There are objects in the tape collection, that need a subset of the qualified dublin core metadata set. This forced us to concretize how we intended schema validation to work.

Until we know the precise capabilities of the engine that should parse the schemas for the GUI, we are sorely restricted in what we can do. For qualified dublin core, admittedly a simple example, we first recreated the dcterms schema. We dropped all the substitution groups, and all the qualifiers, leaving us with just a long list of unique terms. Then we defined schemas, just sequences, restricting which field should be allowed. The idea is to use such a restriction list, combined with the "full" schema, which should be parsable for even simple systems.

PREMIS, and other more advanced schemas have not been considered yet.

View datastream

Have not been updated. There is a serious issue with the way we have chosen to implement it:

In order for incremental updates of a search index to be made, we must inform the search tool each time a "post" in the index is changed. A "post" is defined as the view of a main object. If one of the objects in this view is changed, it has no way of finding its main object, and thus we cannot inform the search index that this "post" is changed.

This issue is still outstanding.

DOMS owl ontology

The Fedora OWL ontology system we will use have been defined in FedoraOntology. Beside the lack of support for DataTypeProperties at current, we believe that it has no loose ends.

TODO

The TODO list from ActionDataModelTDRRequirements has been added to TaskA.2.3AnalysisDocument.

Checklist For Working On An Action

The Life Cycle of an Action:

Assign people for action definition: Done at start of iteration status meeting. Fill out Assigned
Define the action: Describe information about what is to be done and how. Fill out Tasks Addressed and Time Estimated.
Review the definition: Get another project group member to review the action definition, and update it.
Assign people for action implementation: Done by project manager, usually the same persons who wrote the definition. Fill out Assigned and Prev assigned if new persons are assigned.
Implement the action: See details below
Review the action: Get another project group member to review what is implemented (code and documentation), and update it.
Finish the action: Change the status to "Finished" and update the "time used" field on the action page.

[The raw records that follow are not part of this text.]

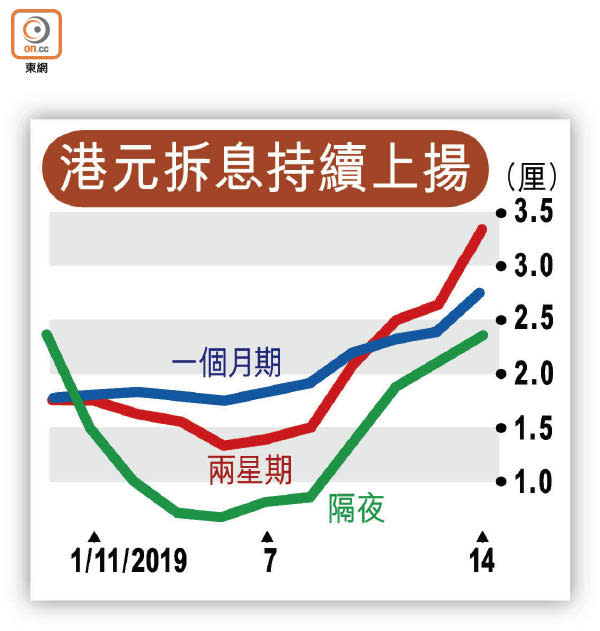 港元拆息持續上揚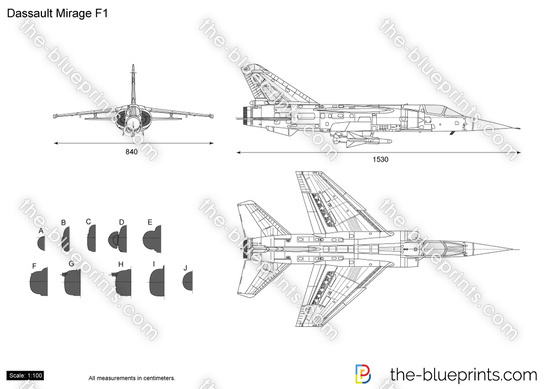 Dassault Mirage F1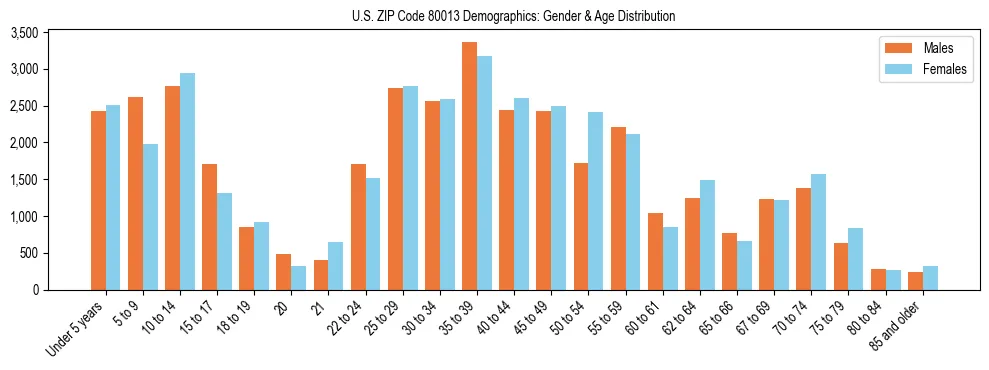 Bar chart showing the population distribution of US ZIP Code 80013 by age group and gender, based on 2023 ACS data.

Please make sure that you address the below issues, when working on an action:

Update the state of the action to "In Progress" when you start working on it.
Check if the tasks addressed by this action have their status set to "In Progress". If that is not the case, then change the state of them.
Keep track of how much time that has been spent working on the action. If it addresses more than one task, then make a note on the action page about how much of the elapsed time that has been spent on the individual tasks. Hint: Continually updating the "Time used" field will make it easier for you.
Update the "Progress History" and documentation pages of each task addressed by this action when appropriate. This depends on the situation, but in general, the task pages should hold all important related information about the work done, experiences gathered, identified requirements and so on.

-  ⇤ ← Revision 10 as of 2008-08-25 15:08:52 → 
  Size: 7466
  Editor: abr
  Comment:
+   ← Revision 20 as of 2010-03-17 13:12:54 → ⇥
  Size: 6275
  Editor: localhost
  Comment: converted to 1.6 markup
-Deletions are marked like this.
+Additions are marked like this.
 Line 21:
- Tasks adressed:: ["TaskA.2.2"],["TaskA.2.1"]
+ Tasks adressed:: [[TaskA.2.2]],[[TaskA.2.1]]
 Line 33:
- Time used:: 0.5md
+ Time used:: 6md
 Line 45:
- Status:: Description needs review
+ Status:: In progress
-Line 51:
+Line 50:
- Iteration:: 11
+ Iteration:: 11,12
-Line 86:
+Line 85:
-=== DS-COMPOSITE ===
We use DS-COMPOSITE to store arbitrary metadata, as proposed. Fedora does not choke on it, and preserves it faithfully.
+=== DOMS Data model ===

Much of the conceptual work have been done, but there is still a huge amount of documentation lacking. The DataModel document should be updated to reflect the ontology advances, and the changes to the content models.
A proper, up to date, description of the data model for the reel tape collection should be made.
-Line 91:
+Line 92:
+=== DS-COMPOSITE ===
-Line 92:
+Line 94:
-=== Inheritance and rdf:type ===
It is a great priority to be able to describe the datamodel in OWL lite. To be able to do this, we propose the following system.

 * A data object must have fedora-model:hasModel relations to all the Content models it implements.
 * A content model must have doms:extendsModel relations to it's direct parents.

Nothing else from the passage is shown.